Mapping renormalized coupled cluster methods to quantum computers through a compact unitary representation of nonunitary operators

Abstract

Nonunitary theories are commonly seen in the classical simulations of quantum systems. Among these theories, the method of moments of coupled cluster equations (MMCCs) and the ensuing classes of the renormalized coupled cluster (CC) approaches have evolved into one of the most accurate approaches to describe correlation effects in various quantum systems. The MMCC formalism provides an effective way for correcting the energies of approximate CC formulations (parent theories) using moments, or CC equations, that are not used to determine approximate cluster amplitudes.

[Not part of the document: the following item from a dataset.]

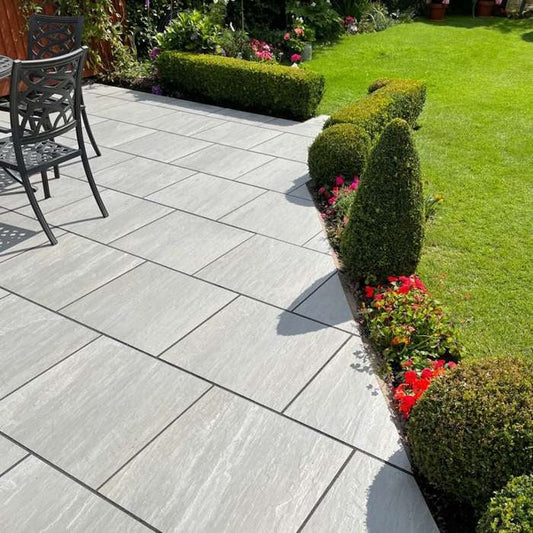 Kandla Grey 20mm Outdoor Porcelain Paving - 600 x 600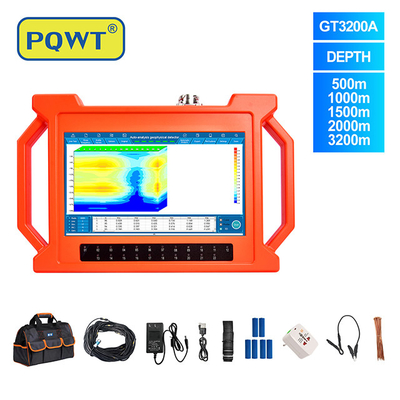 PQWT-GT3200A NUEVO Instrumento portátil de detección de aguas subterráneas de profundidad Detector de agua Aguas subterráneas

In this paper, we propose a quantum algorithm for computing MMCC ground-state energies that provides two main advantages over classical computing or other quantum algorithms: (i) the possibility of forming superpositions of CC moments of arbitrary ranks in the entire Hilbert space and using an arbitrary form of the parent cluster operator for MMCC expansion, and (ii) significant reduction in the number of measurements in quantum simulation through a compact unitary representation for a generally nonunitary operator. We illustrate the robustness of our approach over a broad class of test cases, including $\ensuremath{\sim}40$ molecular systems with varying basis sets encoded using 4--40 qubits, and we exhibit the detailed MMCC analysis for the 8-qubit half-filled, four-site, single impurity Anderson model and the 12-qubit hydrogen fluoride molecular system from the corresponding noise-free and noisy MMCC quantum computations. We also outline the extension of the MMCC formalism to the case of a unitary CC wave-function Ansatz.